At maturity of a forward contract, the Fund may either sell the security and
make delivery of the foreign currency or retain the security and terminate its
contractual obligation to deliver the foreign currency by purchasing an
offsetting contract with the same currency trader obligating it to buy, on the
same maturity date, the same amount of foreign currency.
<PAGE>
If the Fund retains the security and engages in an offsetting transaction, the
Fund will incur a gain or loss (as described below) to the extent there has been
movement in forward contract prices. If the Fund engages in an offsetting
transaction, it may subsequently enter into a new forward contract to sell the
foreign currency. Should forward prices decline between the date the Fund enters
into a forward contract for selling foreign currency and the date it enters into
an offsetting contract for purchasing the foreign currency, the Fund will
realize a gain to the extent that the price of the currency it has agreed to
sell exceeds the price of the currency it has agreed to buy. Should forward
prices increase, the Fund will suffer a loss to the extent the price of the
currency it has agreed to buy exceeds the price of the currency it has agreed to
sell.
It is impossible to forecast what the market value of securities will be at the
expiration of a contract. Accordingly, it may be necessary for the Fund to buy
additional foreign currency on the spot market (and bear the expense of that
purchase) if the market value of the security is less than the amount of foreign
currency the Fund is obligated to deliver and a decision is made to sell the
security and make delivery of the foreign currency. Conversely, it may be
necessary to sell on the spot market some of the foreign currency received on
the sale of the portfolio security if its market value exceeds the amount of
foreign currency the Fund is obligated to deliver.
The Fund's dealing in forward contracts will be limited to the transactions
described above. This method of protecting the value of the Fund's securities
against a decline in the value of a currency does not eliminate fluctuations in
the underlying prices of the securities. It simply establishes a rate of
exchange that can be achieved at some point in time. Although forward contracts
tend to minimize the risk of loss due to a decline in value of hedged currency,
they tend to limit any potential gain that might result should the value of such
currency increase.
Although the Fund values its assets each business day in terms of U.S. dollars,
it does not intend to convert its foreign currencies into U.S. dollars on a
daily basis. It will do so from time to time, and shareholders should be aware
of currency conversion costs. Although foreign exchange dealers do not charge a
fee for conversion, they do realize a profit based on the difference (spread)

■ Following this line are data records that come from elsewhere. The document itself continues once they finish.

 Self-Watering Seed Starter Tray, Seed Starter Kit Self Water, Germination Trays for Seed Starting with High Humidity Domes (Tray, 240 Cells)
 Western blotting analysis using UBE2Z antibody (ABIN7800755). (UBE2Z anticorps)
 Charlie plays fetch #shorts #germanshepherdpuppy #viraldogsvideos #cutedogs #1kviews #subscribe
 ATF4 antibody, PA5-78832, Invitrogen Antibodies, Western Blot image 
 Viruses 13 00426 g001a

between the prices at which they are buying and selling various currencies.
Thus, a dealer may offer to sell a foreign currency to the Fund at one rate,
while offering a lesser rate of exchange should the Fund desire to resell that
currency to the dealer.
Options on Foreign Currencies. The Fund may buy options on foreign currencies
for hedging purposes. For example, a decline in the dollar value of a foreign
currency in which securities are denominated will reduce the dollar value of
such securities, even if their value in the foreign currency remains constant.
In order to protect against the diminutions in the value of securities, the Fund
may buy options on the foreign currency. If the value of the currency does
decline, the Fund will have the right to sell the currency for a fixed amount in
dollars and will offset, in whole or in part, the adverse effect on its
portfolio that otherwise would have resulted.

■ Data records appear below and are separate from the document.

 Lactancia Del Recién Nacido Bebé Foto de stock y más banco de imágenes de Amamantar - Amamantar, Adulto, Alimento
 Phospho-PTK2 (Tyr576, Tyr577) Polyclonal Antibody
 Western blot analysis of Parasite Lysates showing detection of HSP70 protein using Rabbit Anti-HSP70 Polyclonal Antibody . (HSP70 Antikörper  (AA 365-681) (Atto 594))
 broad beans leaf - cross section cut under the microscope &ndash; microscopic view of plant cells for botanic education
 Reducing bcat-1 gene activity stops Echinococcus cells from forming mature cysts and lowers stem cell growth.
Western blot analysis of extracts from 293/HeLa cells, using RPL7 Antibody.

As in the case of other types of options, however, the benefit to the Fund
derived from purchases of foreign currency options will be reduced by the amount
of the premium and related transaction costs. In addition, where currency
exchange rates do not move in the direction or to the extent anticipated, the
Fund could sustain losses on transactions in foreign currency options that would
require it to forego a portion or all of the benefits of advantageous changes in
rates.
The Fund may write options on foreign currencies for the same types of hedging
purposes. For example, when the Fund anticipates a decline in the dollar value
of foreign-denominated securities due to adverse fluctuations in exchange rates
it could, instead of purchasing a put option, write a call option on the
relevant currency. If the expected decline occurs, the option will most likely
not be exercised and the diminution in value of securities will be fully or
partially offset by the amount of the premium received.
<PAGE>
As in the case of other types of options, however, the writing of a foreign
currency option will constitute only a partial hedge up to the amount of the
premium, and only if rates move in the expected direction. If this does not
occur, the option may be exercised and the Fund would be required to buy or sell
the underlying currency at a loss that may not be offset by the amount of the
premium. Through the writing of options on foreign currencies, the Fund also may
be required to forego all or a portion of the benefits that might otherwise have
been obtained from favorable movements on exchange rates.

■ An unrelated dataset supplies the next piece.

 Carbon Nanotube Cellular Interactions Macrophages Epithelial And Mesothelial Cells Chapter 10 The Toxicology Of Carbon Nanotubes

All options written on foreign currencies will be covered. An option written on
foreign currencies is covered if the Fund holds currency sufficient to cover the
option or has an absolute and immediate right to acquire that currency without
additional cash consideration upon conversion of assets denominated in that
currency or exchange of other currency held in its portfolio. An option writer
could lose amounts substantially in excess of its initial investments, due to
the margin and collateral requirements associated with such positions.
Options on foreign currencies are traded through financial institutions acting
as market-makers, although foreign currency options also are traded on certain
national securities exchanges, such as the Philadelphia Stock Exchange and the
Chicago Board Options Exchange, subject to SEC regulation. In an
over-the-counter trading environment, many of the protections afforded to
exchange participants will not be available. For example, there are no daily
price fluctuation limits, and adverse market movements could therefore continue
to an unlimited extent over a period of time. Although the purchaser of an
option cannot lose more than the amount of the premium plus related transaction
costs, this entire amount could be lost.
Foreign currency option positions entered into on a national securities exchange
are cleared and guaranteed by the Options Clearing Corporation (OCC), thereby
reducing the risk of counterparty default. Further, a liquid secondary market in
options traded on a national securities exchange may be more readily available
than in the over-the-counter market, potentially permitting the Fund to
liquidate open positions at a profit prior to exercise or expiration, or to
limit losses in the event of adverse market movements.
The purchase and sale of exchange-traded foreign currency options, however, is
subject to the risks of availability of a liquid secondary market described
above, as well as the risks regarding adverse market movements, margining of
options written, the nature of the foreign currency market, possible
intervention by governmental authorities and the effects of other political and
economic events. In addition, exchange-traded options on foreign currencies
involve certain risks not presented by the over-the-counter market. For example,
exercise and settlement of such options must be made exclusively through the
OCC, which has established banking relationships in certain foreign countries
for that purpose. As a result, the OCC may, if it determines that foreign
governmental restrictions or taxes would prevent the orderly settlement of
foreign currency option exercises, or would result in undue burdens on OCC or
its clearing member, impose special procedures on exercise and settlement, such
as technical changes in the mechanics of delivery of currency, the fixing of
dollar settlement prices or prohibitions on exercise.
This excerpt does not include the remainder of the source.